Bernard Perera

Personal information
- Full name: Jayalathge Bernard Nihal Perera
- Born: 27 May 1956 Ceylon
- Died: 9 November 2012 (aged 56) Peradeniya, Sri Lanka
- Batting: Right-handed
- Bowling: Right-arm medium, right-arm off-spin

Career statistics
| Competition | FC | List A |
| Matches | 8 | 5 |
| Runs scored | 537 | 67 |
| Batting average | 38.35 | 16.75 |
| 100s/50s | 1/4 | 0/0 |
| Top score | 102 | 31 not out |
| Balls bowled | 531 | 42 |
| Wickets | 6 | 0 |
| Bowling average | 46.16 | – |
| 5 wickets in innings | 0 | – |
| 10 wickets in match | 0 | – |
| Best bowling | 2/48 | – |
| Catches/stumpings | 2/0 | 2/0 |
- Source: Cricinfo, 22 February 2017

= Bernard Perera =

Sri Lankan cricketer

Jayalathge Bernard Nihal Perera (27 May 1956 - 9 November 2012) was a Sri Lankan cricketer. He played eight first-class matches between 1980 and 1983.

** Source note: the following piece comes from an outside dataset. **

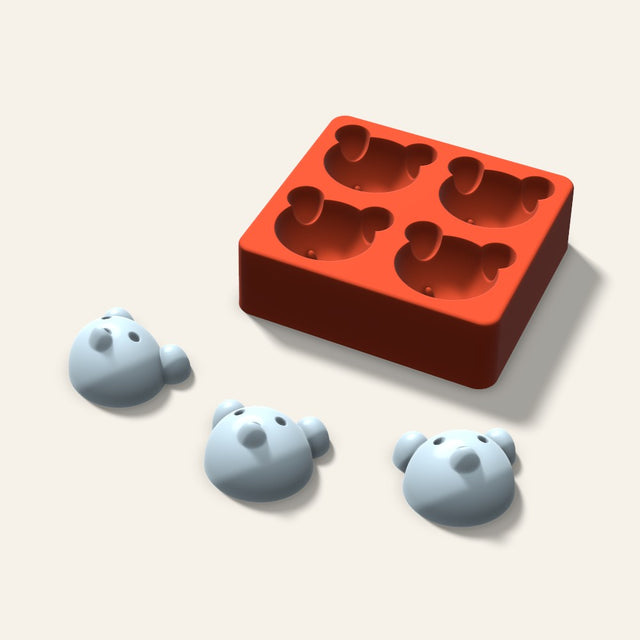 Bear Ice Mold, 2 Inch, 4 Cavity, 3D render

Perera, a hard-hitting batsman, was twelfth man in Sri Lanka's first Test team, and shortly afterwards took part in Sri Lanka's first Test tour, to Pakistan in 1981–82, but he played none of the first-class matches on the tour.

Later in 1982 he toured South Africa with the Arosa Sri Lanka team. He was the team's highest scorer, with 450 runs in six first-class matches at an average of 40.90. He scored the team's only century, 102 in the second match against South Africa.

Along with the other members of the team he was banned from Sri Lankan cricket for making the unauthorized tour. After the ban was lifted several years later he coached the national women's team.